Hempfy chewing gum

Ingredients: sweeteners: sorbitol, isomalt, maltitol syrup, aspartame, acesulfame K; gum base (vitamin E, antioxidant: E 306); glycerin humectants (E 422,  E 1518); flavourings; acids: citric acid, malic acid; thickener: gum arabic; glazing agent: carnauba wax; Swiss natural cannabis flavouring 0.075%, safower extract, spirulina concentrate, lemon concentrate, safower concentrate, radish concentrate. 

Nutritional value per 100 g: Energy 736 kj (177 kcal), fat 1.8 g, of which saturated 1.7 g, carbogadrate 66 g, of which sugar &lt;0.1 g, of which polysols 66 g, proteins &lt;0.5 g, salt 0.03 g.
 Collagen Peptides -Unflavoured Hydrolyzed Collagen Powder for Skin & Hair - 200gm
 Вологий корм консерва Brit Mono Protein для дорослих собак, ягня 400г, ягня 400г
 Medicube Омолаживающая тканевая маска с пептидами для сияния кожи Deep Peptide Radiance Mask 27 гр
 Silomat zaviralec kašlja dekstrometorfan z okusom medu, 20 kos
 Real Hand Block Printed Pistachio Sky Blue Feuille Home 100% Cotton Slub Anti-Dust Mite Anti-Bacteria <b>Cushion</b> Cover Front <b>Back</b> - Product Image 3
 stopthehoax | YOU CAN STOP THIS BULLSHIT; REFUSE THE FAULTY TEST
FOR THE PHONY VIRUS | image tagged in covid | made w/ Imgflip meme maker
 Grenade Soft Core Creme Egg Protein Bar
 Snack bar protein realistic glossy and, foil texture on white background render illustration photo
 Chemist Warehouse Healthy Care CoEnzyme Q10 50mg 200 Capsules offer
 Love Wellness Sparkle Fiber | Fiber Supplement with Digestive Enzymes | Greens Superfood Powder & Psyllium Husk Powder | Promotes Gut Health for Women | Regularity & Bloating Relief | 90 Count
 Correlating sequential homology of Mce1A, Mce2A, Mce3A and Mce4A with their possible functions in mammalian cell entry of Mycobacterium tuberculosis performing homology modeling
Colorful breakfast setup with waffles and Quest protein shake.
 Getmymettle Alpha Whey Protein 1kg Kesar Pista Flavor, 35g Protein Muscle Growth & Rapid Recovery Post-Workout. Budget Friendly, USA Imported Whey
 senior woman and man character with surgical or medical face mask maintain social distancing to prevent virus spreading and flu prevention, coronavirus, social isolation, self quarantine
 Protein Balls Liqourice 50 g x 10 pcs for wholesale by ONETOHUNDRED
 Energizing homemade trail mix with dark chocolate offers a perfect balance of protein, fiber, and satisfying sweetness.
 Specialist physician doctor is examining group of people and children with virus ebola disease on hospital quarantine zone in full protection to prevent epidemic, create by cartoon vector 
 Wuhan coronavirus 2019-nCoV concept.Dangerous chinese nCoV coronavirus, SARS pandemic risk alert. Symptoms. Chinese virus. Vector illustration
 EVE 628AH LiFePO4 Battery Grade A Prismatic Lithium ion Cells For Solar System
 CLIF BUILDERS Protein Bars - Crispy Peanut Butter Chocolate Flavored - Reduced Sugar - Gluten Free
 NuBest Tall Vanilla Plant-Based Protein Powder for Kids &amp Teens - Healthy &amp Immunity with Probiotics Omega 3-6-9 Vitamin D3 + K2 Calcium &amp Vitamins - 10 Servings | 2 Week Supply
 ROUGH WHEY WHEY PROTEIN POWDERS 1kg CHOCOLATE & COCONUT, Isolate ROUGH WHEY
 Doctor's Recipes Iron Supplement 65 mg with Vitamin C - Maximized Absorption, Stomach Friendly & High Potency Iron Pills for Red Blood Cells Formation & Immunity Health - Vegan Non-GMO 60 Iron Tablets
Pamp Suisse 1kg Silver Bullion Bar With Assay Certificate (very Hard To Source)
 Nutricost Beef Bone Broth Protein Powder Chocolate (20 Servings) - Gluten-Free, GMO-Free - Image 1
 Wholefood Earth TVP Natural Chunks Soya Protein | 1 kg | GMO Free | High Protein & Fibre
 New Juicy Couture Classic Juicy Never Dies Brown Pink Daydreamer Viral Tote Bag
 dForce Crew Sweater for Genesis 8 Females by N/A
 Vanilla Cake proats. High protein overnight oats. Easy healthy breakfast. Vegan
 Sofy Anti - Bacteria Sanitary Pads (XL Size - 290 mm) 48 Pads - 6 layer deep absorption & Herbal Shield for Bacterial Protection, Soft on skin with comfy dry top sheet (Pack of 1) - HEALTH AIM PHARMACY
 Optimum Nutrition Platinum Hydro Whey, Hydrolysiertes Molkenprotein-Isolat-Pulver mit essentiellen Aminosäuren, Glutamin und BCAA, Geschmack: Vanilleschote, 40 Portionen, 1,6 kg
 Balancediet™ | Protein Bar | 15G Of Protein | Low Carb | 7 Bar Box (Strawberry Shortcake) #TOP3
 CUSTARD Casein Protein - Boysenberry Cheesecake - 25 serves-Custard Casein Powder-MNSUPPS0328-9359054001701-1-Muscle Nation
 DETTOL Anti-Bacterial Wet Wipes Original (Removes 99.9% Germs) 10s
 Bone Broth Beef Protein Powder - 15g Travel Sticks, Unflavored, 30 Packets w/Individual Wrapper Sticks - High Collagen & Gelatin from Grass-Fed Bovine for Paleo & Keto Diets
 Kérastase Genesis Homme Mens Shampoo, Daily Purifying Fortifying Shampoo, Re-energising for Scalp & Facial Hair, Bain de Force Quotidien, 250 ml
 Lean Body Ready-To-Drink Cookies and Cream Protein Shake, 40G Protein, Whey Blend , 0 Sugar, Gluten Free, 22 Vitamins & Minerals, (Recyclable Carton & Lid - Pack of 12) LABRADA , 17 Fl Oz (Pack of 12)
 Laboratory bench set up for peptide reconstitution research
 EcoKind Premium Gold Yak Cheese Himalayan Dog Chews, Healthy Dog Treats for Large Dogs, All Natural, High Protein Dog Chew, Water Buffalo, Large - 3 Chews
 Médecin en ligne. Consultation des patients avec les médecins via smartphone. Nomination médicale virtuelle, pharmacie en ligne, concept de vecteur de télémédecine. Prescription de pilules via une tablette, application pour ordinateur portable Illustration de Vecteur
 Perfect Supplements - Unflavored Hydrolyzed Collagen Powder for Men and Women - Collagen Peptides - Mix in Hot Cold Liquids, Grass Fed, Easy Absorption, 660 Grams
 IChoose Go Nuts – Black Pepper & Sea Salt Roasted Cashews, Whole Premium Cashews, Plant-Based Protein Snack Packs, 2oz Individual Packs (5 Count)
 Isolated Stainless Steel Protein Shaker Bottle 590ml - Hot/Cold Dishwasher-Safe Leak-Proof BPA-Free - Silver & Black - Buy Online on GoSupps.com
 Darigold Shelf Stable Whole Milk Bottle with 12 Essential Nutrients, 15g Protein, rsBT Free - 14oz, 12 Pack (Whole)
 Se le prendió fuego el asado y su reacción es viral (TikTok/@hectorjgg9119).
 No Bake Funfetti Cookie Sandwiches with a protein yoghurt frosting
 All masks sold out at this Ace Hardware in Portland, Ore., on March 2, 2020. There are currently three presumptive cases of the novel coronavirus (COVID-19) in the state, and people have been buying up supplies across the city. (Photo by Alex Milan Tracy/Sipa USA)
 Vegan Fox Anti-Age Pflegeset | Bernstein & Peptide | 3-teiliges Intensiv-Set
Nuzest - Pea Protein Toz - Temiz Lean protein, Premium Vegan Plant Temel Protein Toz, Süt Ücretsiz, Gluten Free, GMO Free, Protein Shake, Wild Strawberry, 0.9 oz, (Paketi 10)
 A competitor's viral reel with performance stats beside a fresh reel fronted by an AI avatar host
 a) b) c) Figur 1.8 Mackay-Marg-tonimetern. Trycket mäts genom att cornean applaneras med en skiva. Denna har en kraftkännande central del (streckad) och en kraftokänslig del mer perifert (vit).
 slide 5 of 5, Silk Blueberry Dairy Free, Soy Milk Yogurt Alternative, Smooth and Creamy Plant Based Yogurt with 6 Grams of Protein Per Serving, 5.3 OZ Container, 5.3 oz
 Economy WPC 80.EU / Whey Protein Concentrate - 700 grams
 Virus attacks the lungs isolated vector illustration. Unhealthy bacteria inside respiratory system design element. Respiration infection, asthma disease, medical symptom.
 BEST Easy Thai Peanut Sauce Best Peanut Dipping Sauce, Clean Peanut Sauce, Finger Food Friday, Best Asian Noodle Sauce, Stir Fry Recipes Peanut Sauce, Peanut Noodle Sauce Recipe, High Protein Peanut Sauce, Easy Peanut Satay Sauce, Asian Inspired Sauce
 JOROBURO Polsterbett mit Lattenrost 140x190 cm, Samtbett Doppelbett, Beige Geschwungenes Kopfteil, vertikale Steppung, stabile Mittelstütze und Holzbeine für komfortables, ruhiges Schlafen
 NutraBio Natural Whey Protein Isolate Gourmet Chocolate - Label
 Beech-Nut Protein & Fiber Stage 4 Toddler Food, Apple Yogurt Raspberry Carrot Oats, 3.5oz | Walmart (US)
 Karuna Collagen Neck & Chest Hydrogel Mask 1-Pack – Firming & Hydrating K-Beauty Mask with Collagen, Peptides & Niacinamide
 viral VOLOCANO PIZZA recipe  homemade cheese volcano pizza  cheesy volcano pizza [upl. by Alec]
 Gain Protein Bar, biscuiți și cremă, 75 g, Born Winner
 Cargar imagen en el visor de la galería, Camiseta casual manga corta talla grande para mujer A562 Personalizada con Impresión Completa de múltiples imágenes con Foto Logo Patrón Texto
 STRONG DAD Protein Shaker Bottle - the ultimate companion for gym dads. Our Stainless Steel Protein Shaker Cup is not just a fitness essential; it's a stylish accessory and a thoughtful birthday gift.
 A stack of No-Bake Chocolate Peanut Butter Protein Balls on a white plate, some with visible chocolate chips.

________________________________________

**HOW TO COMPLETE THIS TASK**
Above are the entries. Output exactly the lines beginning with the line that has "DETTOL Anti-Bacterial Wet" and ending with the line that has "EcoKind Premium Gold".

**RESPONSE BELOW**
 DETTOL Anti-Bacterial Wet Wipes Original (Removes 99.9% Germs) 10s
 Bone Broth Beef Protein Powder - 15g Travel Sticks, Unflavored, 30 Packets w/Individual Wrapper Sticks - High Collagen & Gelatin from Grass-Fed Bovine for Paleo & Keto Diets
 Kérastase Genesis Homme Mens Shampoo, Daily Purifying Fortifying Shampoo, Re-energising for Scalp & Facial Hair, Bain de Force Quotidien, 250 ml
 Lean Body Ready-To-Drink Cookies and Cream Protein Shake, 40G Protein, Whey Blend , 0 Sugar, Gluten Free, 22 Vitamins & Minerals, (Recyclable Carton & Lid - Pack of 12) LABRADA , 17 Fl Oz (Pack of 12)
 Laboratory bench set up for peptide reconstitution research
 EcoKind Premium Gold Yak Cheese Himalayan Dog Chews, Healthy Dog Treats for Large Dogs, All Natural, High Protein Dog Chew, Water Buffalo, Large - 3 Chews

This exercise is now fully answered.